Input records below:
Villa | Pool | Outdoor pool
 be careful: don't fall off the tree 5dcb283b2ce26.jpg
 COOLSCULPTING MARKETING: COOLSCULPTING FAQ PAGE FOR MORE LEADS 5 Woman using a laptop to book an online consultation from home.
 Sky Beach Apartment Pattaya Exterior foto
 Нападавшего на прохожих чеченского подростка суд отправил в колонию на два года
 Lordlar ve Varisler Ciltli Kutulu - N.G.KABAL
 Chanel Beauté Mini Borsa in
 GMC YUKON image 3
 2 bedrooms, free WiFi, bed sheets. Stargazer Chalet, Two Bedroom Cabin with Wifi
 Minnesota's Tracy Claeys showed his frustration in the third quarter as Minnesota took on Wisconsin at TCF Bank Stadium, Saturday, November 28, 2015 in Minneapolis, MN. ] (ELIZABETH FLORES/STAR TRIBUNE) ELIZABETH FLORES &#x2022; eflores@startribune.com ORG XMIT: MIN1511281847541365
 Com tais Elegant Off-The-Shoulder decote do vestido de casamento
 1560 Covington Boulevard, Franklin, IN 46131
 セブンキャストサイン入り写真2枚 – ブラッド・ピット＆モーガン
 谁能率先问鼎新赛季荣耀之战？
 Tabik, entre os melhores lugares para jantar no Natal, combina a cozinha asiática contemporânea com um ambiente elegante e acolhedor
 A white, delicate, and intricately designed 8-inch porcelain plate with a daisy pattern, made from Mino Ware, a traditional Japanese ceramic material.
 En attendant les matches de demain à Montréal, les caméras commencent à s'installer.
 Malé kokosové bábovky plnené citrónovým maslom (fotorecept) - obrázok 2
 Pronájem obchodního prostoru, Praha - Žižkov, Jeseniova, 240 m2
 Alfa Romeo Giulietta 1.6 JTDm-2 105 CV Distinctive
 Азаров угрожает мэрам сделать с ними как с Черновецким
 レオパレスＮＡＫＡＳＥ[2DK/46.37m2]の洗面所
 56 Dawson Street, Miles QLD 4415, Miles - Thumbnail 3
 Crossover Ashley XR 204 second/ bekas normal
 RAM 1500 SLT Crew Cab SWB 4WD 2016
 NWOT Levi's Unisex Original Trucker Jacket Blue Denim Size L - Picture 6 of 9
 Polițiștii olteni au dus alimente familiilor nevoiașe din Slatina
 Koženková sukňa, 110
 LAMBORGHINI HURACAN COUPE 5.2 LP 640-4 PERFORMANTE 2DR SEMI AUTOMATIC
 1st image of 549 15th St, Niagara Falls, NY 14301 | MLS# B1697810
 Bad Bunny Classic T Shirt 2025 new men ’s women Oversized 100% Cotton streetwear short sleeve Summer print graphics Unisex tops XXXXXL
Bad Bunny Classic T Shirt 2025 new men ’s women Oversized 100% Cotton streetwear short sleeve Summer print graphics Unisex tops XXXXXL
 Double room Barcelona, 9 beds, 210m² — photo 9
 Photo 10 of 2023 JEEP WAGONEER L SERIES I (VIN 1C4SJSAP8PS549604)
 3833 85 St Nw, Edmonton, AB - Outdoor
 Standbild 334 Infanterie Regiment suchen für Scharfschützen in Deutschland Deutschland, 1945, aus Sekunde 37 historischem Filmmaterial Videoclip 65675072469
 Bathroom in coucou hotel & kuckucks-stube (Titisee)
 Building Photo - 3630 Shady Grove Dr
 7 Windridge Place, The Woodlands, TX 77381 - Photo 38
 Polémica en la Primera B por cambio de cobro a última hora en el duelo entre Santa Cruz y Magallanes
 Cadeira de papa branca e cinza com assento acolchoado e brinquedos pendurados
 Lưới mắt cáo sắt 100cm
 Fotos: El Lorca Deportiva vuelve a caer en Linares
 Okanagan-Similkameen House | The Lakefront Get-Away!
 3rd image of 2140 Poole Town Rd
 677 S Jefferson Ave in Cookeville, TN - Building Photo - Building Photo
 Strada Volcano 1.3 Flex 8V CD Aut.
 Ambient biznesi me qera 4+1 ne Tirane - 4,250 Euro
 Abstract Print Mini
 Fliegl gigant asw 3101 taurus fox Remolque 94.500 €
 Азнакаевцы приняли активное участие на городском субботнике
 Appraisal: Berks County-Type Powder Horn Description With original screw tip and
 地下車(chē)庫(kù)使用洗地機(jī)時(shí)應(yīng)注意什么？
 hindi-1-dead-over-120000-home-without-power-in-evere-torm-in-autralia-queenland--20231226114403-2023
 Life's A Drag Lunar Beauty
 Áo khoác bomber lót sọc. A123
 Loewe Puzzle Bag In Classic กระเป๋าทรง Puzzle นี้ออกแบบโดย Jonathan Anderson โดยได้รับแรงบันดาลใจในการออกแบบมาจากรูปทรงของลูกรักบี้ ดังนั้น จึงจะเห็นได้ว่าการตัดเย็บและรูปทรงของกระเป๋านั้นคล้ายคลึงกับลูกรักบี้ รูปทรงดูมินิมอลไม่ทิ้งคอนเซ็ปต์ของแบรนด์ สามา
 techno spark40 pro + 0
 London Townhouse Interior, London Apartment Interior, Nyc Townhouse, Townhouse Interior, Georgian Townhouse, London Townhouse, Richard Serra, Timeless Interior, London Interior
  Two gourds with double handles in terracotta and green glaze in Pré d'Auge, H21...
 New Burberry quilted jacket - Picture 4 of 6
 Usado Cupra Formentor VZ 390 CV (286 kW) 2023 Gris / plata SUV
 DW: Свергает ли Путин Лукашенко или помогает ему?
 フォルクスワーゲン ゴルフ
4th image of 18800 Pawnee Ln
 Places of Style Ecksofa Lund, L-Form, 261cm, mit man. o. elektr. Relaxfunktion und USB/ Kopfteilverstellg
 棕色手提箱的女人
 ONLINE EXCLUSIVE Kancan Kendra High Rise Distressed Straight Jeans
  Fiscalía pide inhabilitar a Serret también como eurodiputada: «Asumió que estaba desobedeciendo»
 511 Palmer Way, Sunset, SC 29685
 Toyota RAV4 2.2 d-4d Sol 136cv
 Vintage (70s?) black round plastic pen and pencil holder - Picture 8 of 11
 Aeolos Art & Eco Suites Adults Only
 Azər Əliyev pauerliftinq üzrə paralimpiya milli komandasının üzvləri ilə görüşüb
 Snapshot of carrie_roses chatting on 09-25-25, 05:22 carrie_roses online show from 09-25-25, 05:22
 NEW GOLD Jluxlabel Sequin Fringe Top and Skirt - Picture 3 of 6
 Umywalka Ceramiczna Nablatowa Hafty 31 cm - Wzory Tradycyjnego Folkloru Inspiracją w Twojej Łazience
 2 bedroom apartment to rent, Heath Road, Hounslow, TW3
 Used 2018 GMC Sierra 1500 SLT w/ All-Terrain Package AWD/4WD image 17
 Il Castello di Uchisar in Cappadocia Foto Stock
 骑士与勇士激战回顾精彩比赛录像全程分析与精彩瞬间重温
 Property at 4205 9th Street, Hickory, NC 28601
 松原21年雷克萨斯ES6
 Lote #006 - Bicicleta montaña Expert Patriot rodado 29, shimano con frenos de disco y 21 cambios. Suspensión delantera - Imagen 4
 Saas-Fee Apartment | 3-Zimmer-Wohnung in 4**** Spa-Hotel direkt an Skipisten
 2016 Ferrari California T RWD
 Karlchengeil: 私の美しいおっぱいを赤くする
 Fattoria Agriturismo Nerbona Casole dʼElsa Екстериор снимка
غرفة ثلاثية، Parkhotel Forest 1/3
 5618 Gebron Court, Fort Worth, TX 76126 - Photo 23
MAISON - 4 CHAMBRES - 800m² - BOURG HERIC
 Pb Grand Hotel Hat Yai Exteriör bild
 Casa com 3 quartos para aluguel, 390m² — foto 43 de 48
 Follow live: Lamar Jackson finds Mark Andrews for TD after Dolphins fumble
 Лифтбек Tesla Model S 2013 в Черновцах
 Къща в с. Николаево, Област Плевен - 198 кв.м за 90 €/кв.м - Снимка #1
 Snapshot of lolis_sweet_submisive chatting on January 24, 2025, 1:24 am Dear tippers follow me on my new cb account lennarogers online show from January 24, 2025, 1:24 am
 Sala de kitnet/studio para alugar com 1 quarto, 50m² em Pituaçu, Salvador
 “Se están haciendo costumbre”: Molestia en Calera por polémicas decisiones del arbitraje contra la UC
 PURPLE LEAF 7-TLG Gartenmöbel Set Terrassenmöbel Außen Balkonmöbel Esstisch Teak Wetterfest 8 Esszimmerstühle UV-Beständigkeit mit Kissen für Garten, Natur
End of Input records.
Problem to solve | Each line in the entries above, starting at the line with "511 Palmer Way, Sunset, SC 29685" and ending at the line with "Karlchengeil: 私の美しいおっぱいを赤くする", is to be printed exactly, and only those lines.

Answer section |
 511 Palmer Way, Sunset, SC 29685
 Toyota RAV4 2.2 d-4d Sol 136cv
 Vintage (70s?) black round plastic pen and pencil holder - Picture 8 of 11
 Aeolos Art & Eco Suites Adults Only
 Azər Əliyev pauerliftinq üzrə paralimpiya milli komandasının üzvləri ilə görüşüb
 Snapshot of carrie_roses chatting on 09-25-25, 05:22 carrie_roses online show from 09-25-25, 05:22
 NEW GOLD Jluxlabel Sequin Fringe Top and Skirt - Picture 3 of 6
 Umywalka Ceramiczna Nablatowa Hafty 31 cm - Wzory Tradycyjnego Folkloru Inspiracją w Twojej Łazience
 2 bedroom apartment to rent, Heath Road, Hounslow, TW3
 Used 2018 GMC Sierra 1500 SLT w/ All-Terrain Package AWD/4WD image 17
 Il Castello di Uchisar in Cappadocia Foto Stock
 骑士与勇士激战回顾精彩比赛录像全程分析与精彩瞬间重温
 Property at 4205 9th Street, Hickory, NC 28601
 松原21年雷克萨斯ES6
 Lote #006 - Bicicleta montaña Expert Patriot rodado 29, shimano con frenos de disco y 21 cambios. Suspensión delantera - Imagen 4
 Saas-Fee Apartment | 3-Zimmer-Wohnung in 4**** Spa-Hotel direkt an Skipisten
 2016 Ferrari California T RWD
 Karlchengeil: 私の美しいおっぱいを赤くする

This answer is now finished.